◆ Exercise prompt
A verbatim transcription of the listing below is required, without its pictures.

◆ Supplied data
====
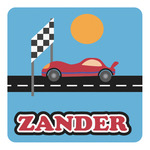 Race Car Square Decal - Small (Personalized)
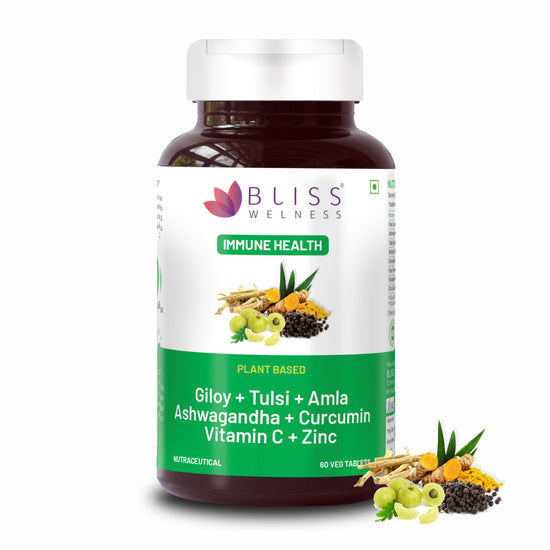 Bliss Welness Immune Bliss Absolute Ayurvedic Herbal Combo With Tulsi Amla & Turmeric Extract Curcumin Vegan Immunity Booster Supplement - 60 Vegetarian Tablets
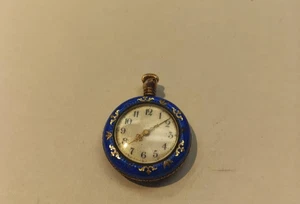 Antique New England Watch Co. Cavour BLUE Enameled STERLING Pocket Pendant Watch - Picture 1 of 6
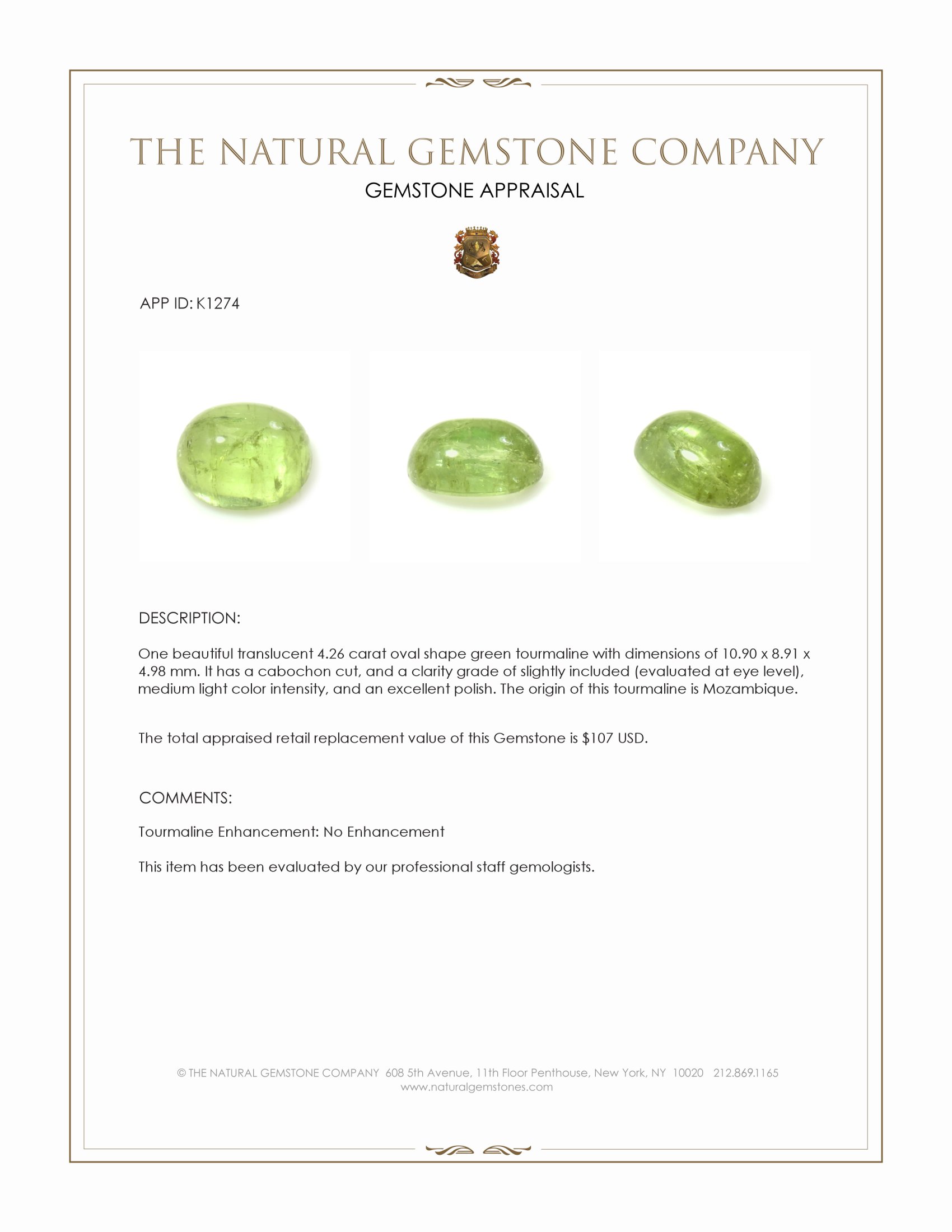 4.26 Ct. Cabochon Tourmaline from Mozambique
====
◆ Task solution
 Race Car Square Decal - Small (Personalized)
 Bliss Welness Immune Bliss Absolute Ayurvedic Herbal Combo With Tulsi Amla & Turmeric Extract Curcumin Vegan Immunity Booster Supplement - 60 Vegetarian Tablets
 Antique New England Watch Co. Cavour BLUE Enameled STERLING Pocket Pendant Watch - Picture 1 of 6
 4.26 Ct. Cabochon Tourmaline from Mozambique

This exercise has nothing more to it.